This thesis examines how policy promoted as benefiting the users of human services can fail if it does not appreciate the front-line contexts its implementation depends on. The specific concern is how front-line practitioners in non-profit human services understood and responded to the application of service user rights policies to their practice settings.
The study begins with the Hawke–Keating period of government, and ends in the late 1990s. During the Hawke–Keating period service user rights policies were explicitly incorporated into a range of Commonwealth human service programs as one manifestation of the new program management (NPM) approach to accountability and control.
Four Australian human service programs were sampled: the Supported Accommodation Assistance Program (SAAP), the Home and Community Care Program (HACC), Adolescent Mediation and Family Therapy services (AMFT), and the Youth Homeless Pilot Programme (YHPP). Services from each program in Melbourne, Wollongong, Darwin and the Gold Coast were studied. Forwards and backwards mapping were used to examine the nexus between policy as intended, and policy as understood by those undertaking direct service delivery with young people.

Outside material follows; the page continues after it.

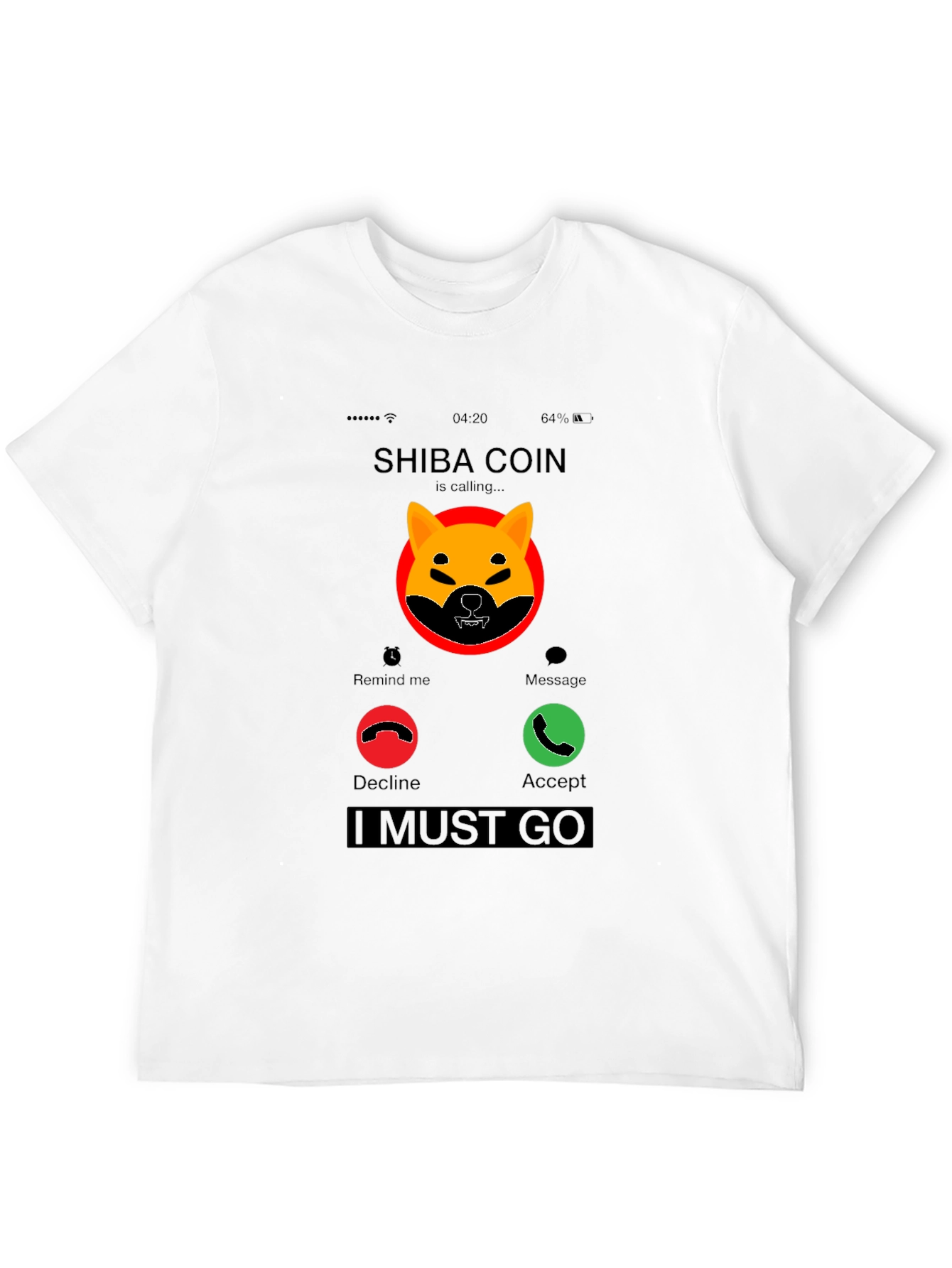 Shiba Coin Incoming Call Funny Crypto T-Shirt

The place ‘rights-talk’ had in the practice framework of these front-line practitioners was examined and compared with the espoused policy positions of the programs and the funded services they worked within. The various factors conditioning the workers’ approach to the service user rights aspects of practice were identified. The thesis concludes that front-line human service workers, whose practice is highly contextualised, thwart human service program design unless this design reflects the model of service delivery. Front-line bureaucracy theory was found to apply.
The study details the tension between the various contexts of front-line practice and the service user rights policy framework. The level of connection with people and social institutions in the life situation of the young service user, combined with the extent to which the mandated model of service delivery was flexible or prescribed, were found to influence front-line practitioners’ approach to service user rights.
The emergence and later failure of service user rights program logic to take hold was found to be a manifestation of the de-institutionalisation of non-profit organisations as they were required to re-orient the basis of their legitimacy to new public management ideals.
The significance of the thesis lies in its contribution to understanding the nexus between human service policy and front-line practice. More specifically, it assists in theory development about the relationship between emergent ideas about human service delivery and the contexts of their implementation.